→ **Records**:
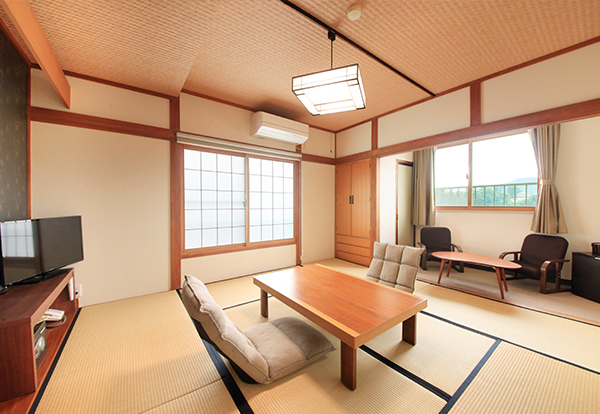 Japanese-style Rooms1
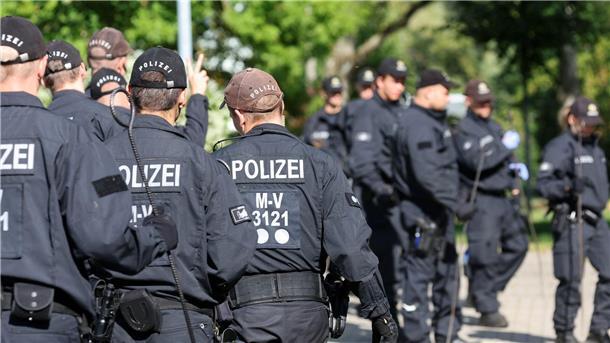 „Stern“: 400 Polizisten der Länder unter Extremismusverdacht Aus Mecklenburg-Vorpommern gab es keine aktuellen Zahlen dazu, gegen wie viele Polizisten Verfahren wegen des Verdachts auf rechtsextremistische Gesinnung geführt werden (Symbolbild).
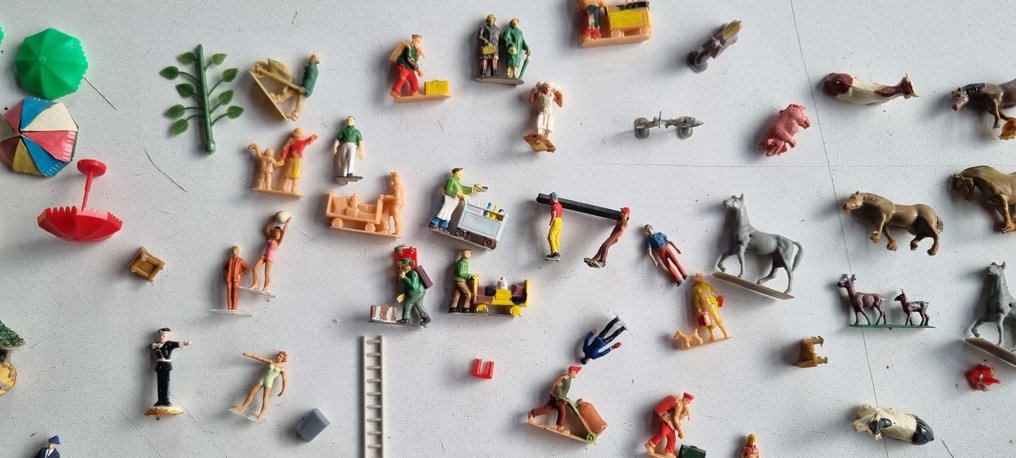 Preiser, Heki, Faller, Busch H0 - Paisagens de modelismo ferroviário (100) - Pacote 100+ com figuras, incluindo várias barracas de mercado, escala H0, em bom estado, sem #3.2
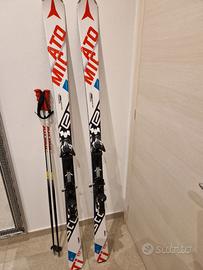 Sci e bastoncini Atomic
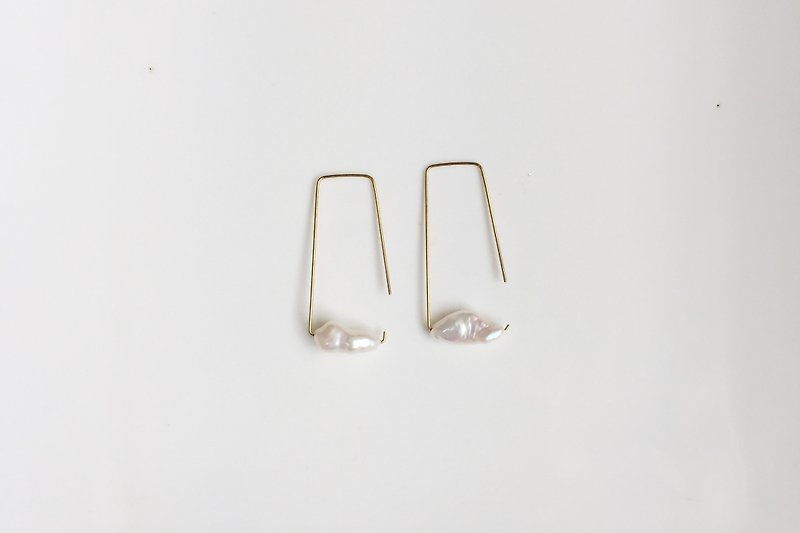 浮雲 珍珠造型耳環 - 耳環/耳夾 - 其他金屬 白色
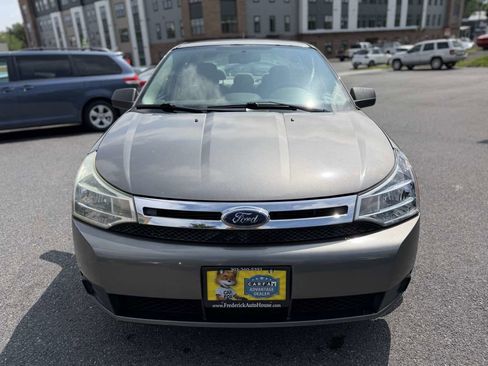 Used 2009 Ford Focus SE FWD image 2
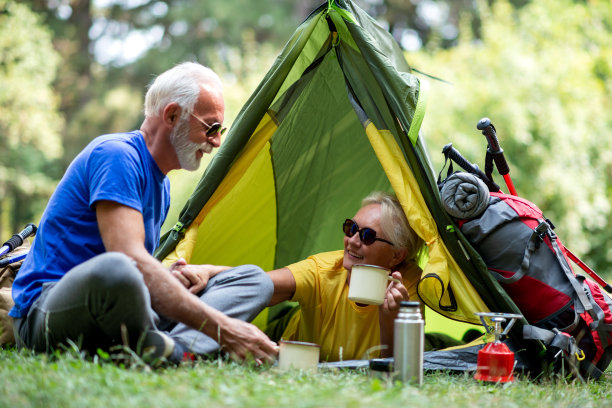 老年夫妻在露营地喝茶聊天
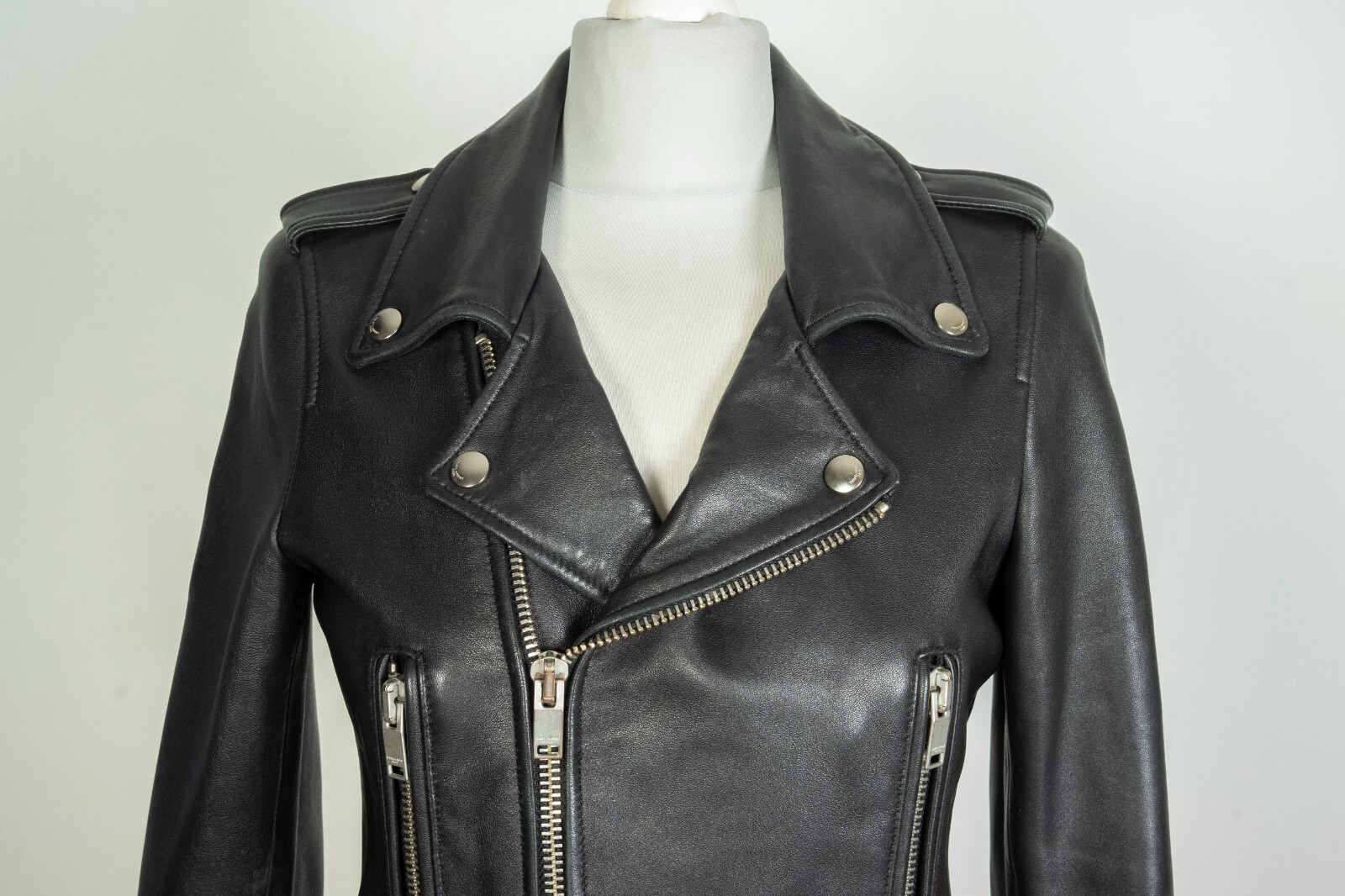 Giacca in pelle da moto classica da donna Saint Laurent Paris YSL taglia S M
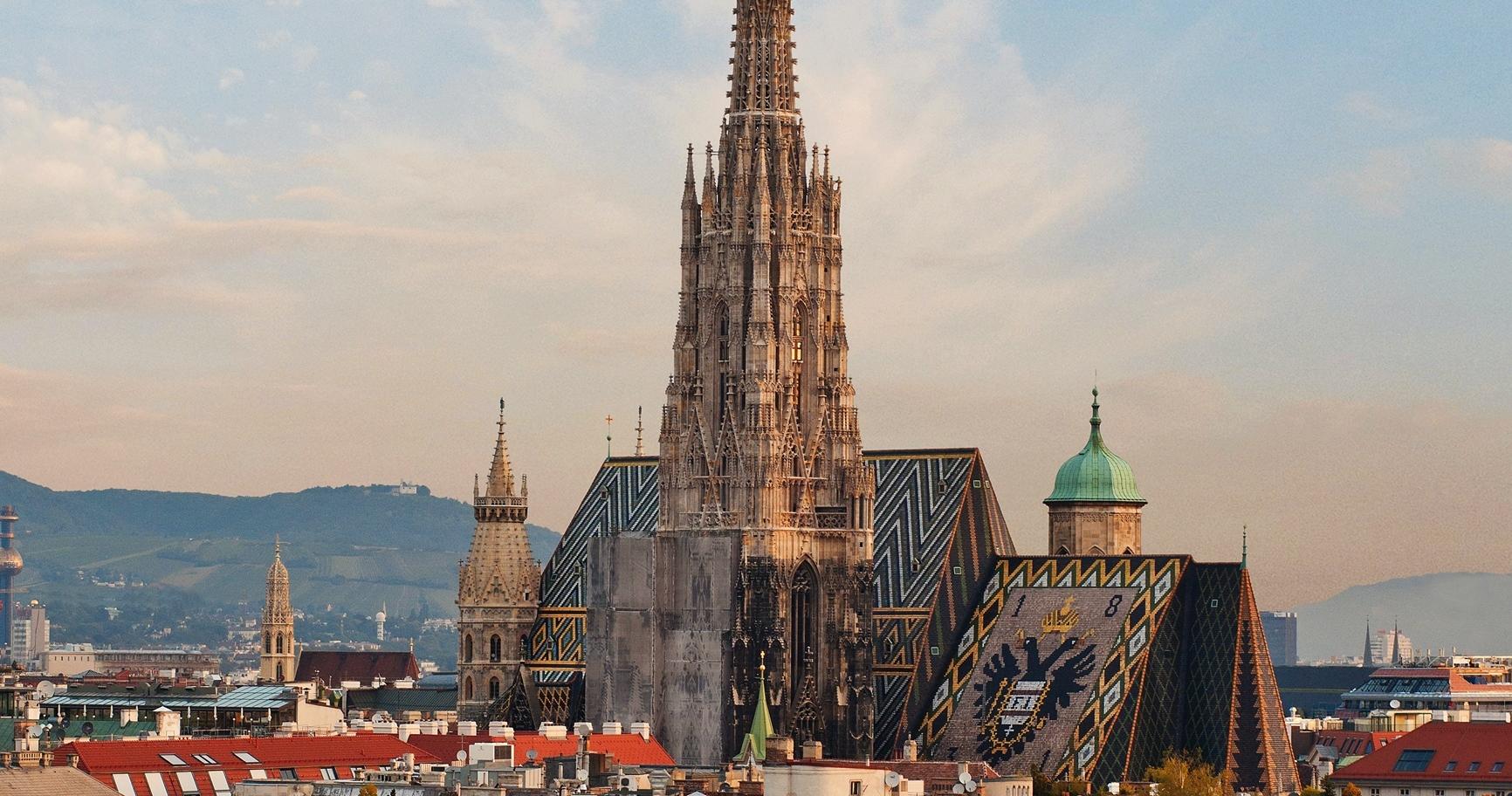 Дешевле автобуса: Laudamotion продает билеты в Австрию от 10 евро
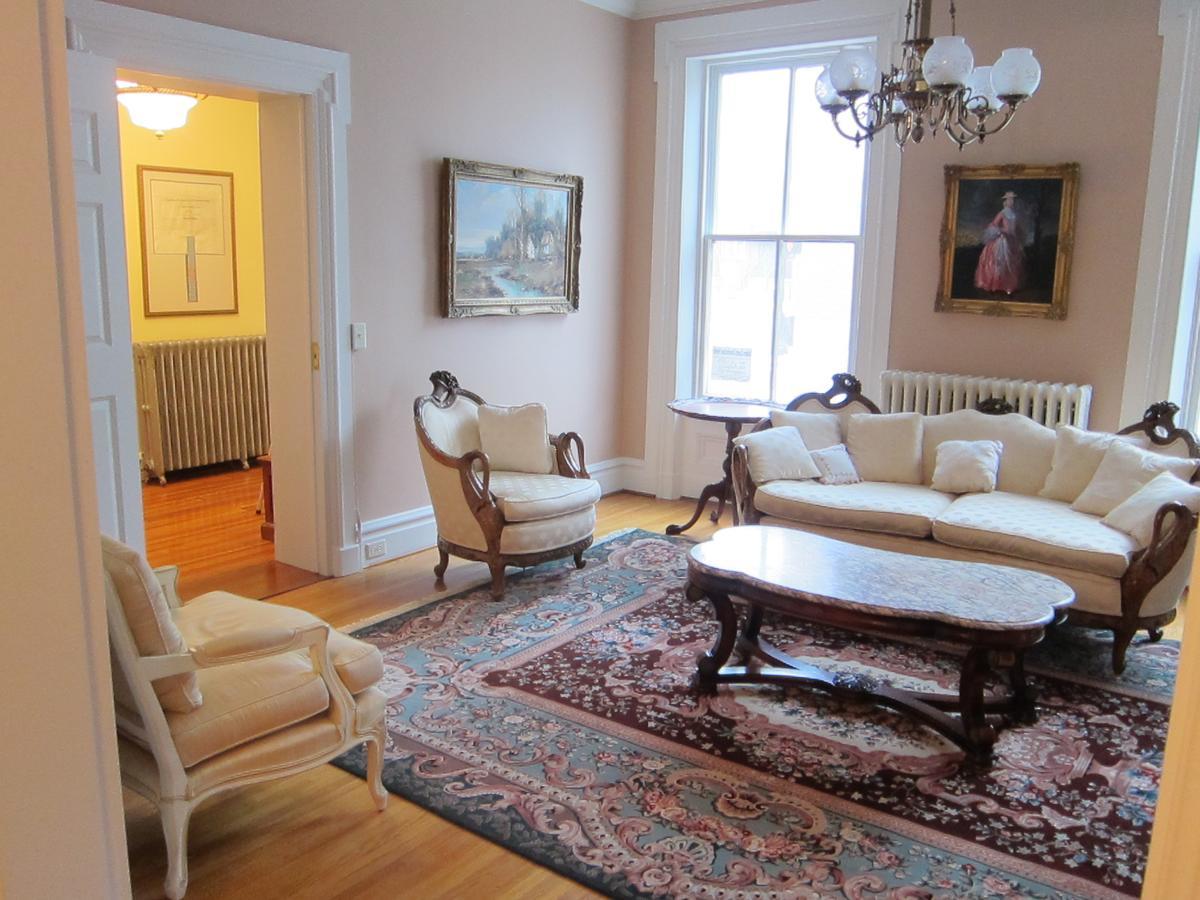 The Swope Manor Bed & Breakfast 2*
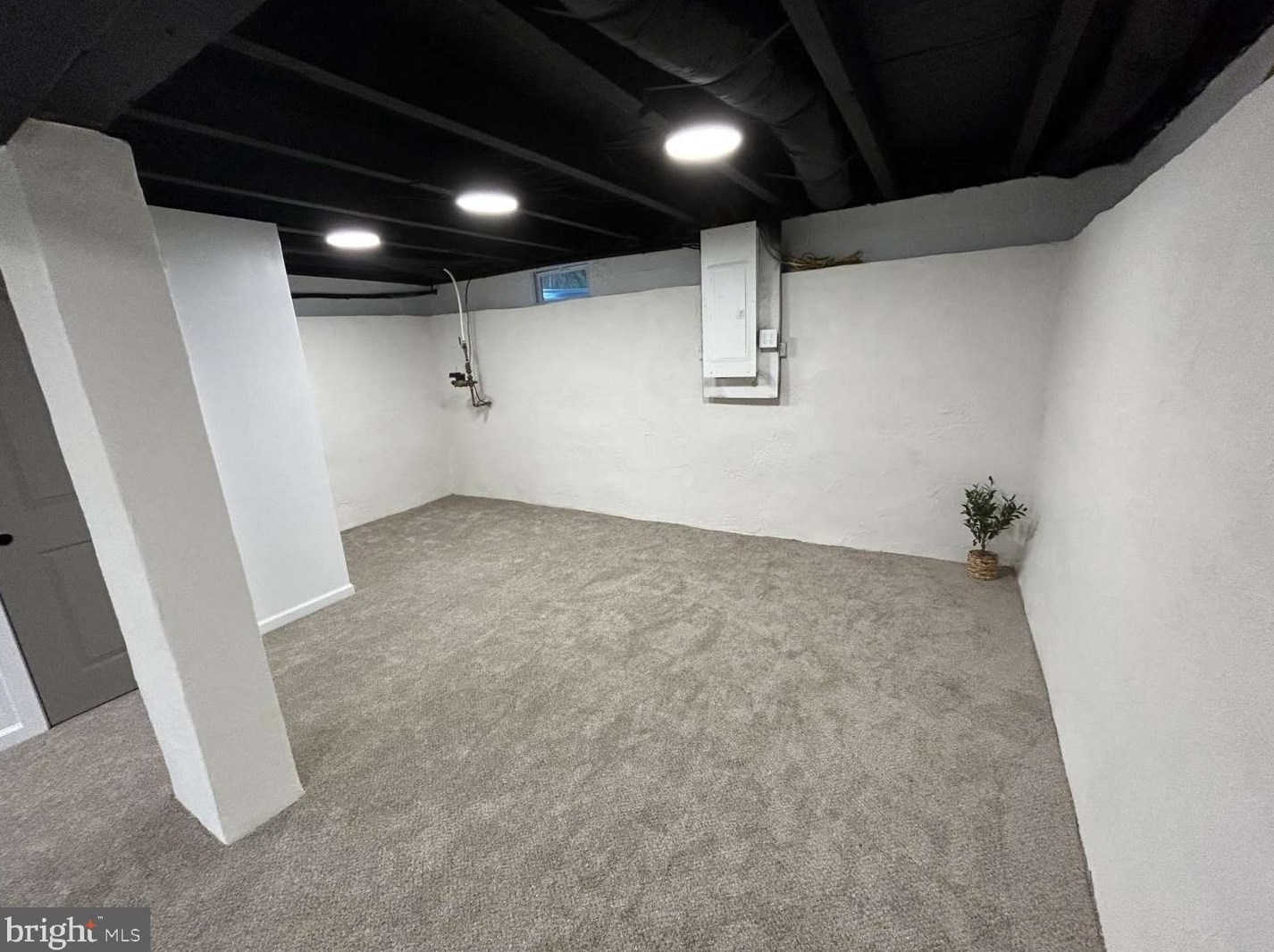 401 Ash Rd, Coatesville PA  19320-1137 exterior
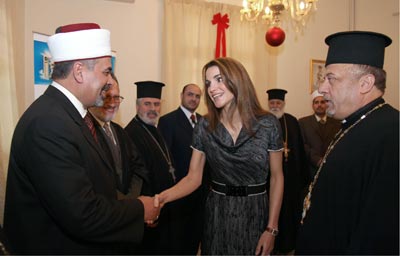 الملكة تزور المركز الأردني لبحوث التعايش الديني الملكة تزور المركز الأردني لبحوث التعايش الديني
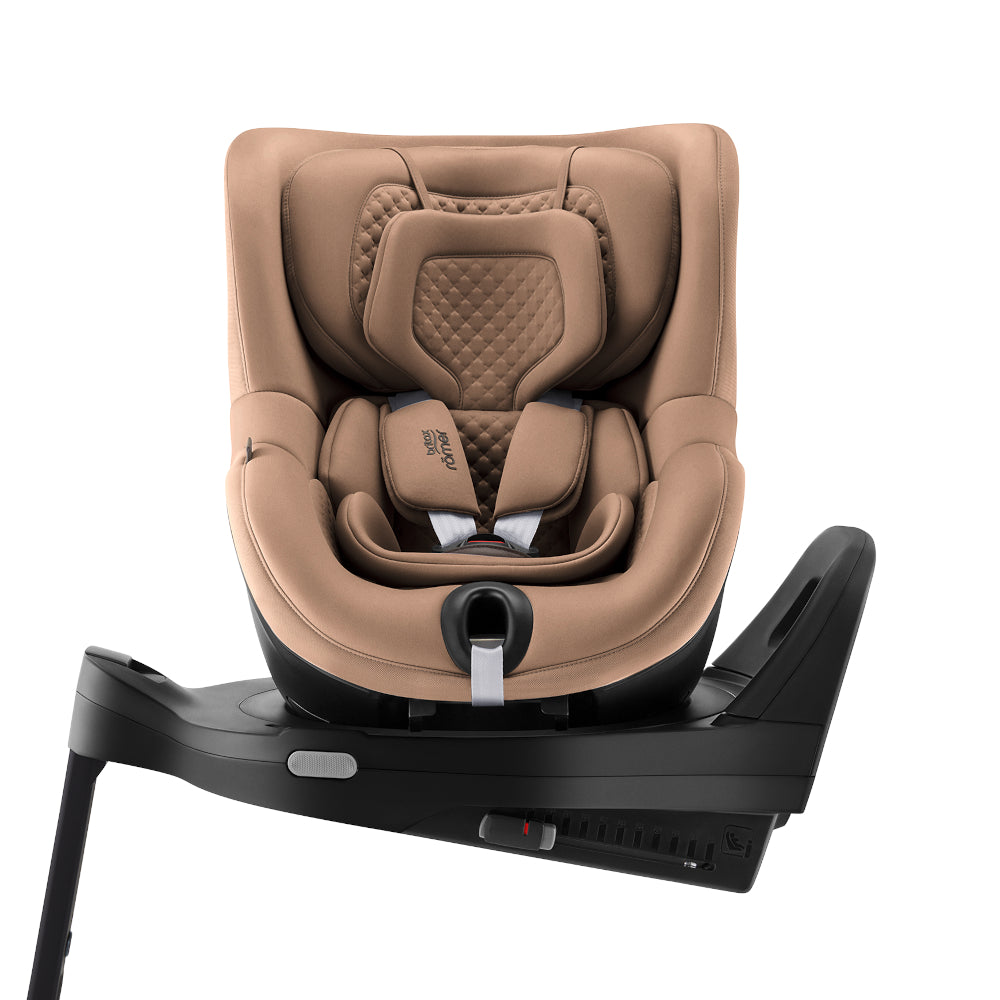 Britax-Römer Dualfix 5Z rear facing car seat in Warm Caramel on Vario 5Z ISOfix base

→ **Aim of the exercise**:
Ending at the line with "الملكة تزور المركز الأردني لبحوث التعايش الديني الملكة", reproduce exactly the lines that begin at the top of the data, and include no pictures.

→ **Answer to this task**:
 Japanese-style Rooms1
 „Stern“: 400 Polizisten der Länder unter Extremismusverdacht Aus Mecklenburg-Vorpommern gab es keine aktuellen Zahlen dazu, gegen wie viele Polizisten Verfahren wegen des Verdachts auf rechtsextremistische Gesinnung geführt werden (Symbolbild).
 Preiser, Heki, Faller, Busch H0 - Paisagens de modelismo ferroviário (100) - Pacote 100+ com figuras, incluindo várias barracas de mercado, escala H0, em bom estado, sem #3.2
 Sci e bastoncini Atomic
 浮雲 珍珠造型耳環 - 耳環/耳夾 - 其他金屬 白色
 Used 2009 Ford Focus SE FWD image 2
 老年夫妻在露营地喝茶聊天
 Giacca in pelle da moto classica da donna Saint Laurent Paris YSL taglia S M
 Дешевле автобуса: Laudamotion продает билеты в Австрию от 10 евро
 The Swope Manor Bed & Breakfast 2*
 401 Ash Rd, Coatesville PA  19320-1137 exterior
 الملكة تزور المركز الأردني لبحوث التعايش الديني الملكة تزور المركز الأردني لبحوث التعايش الديني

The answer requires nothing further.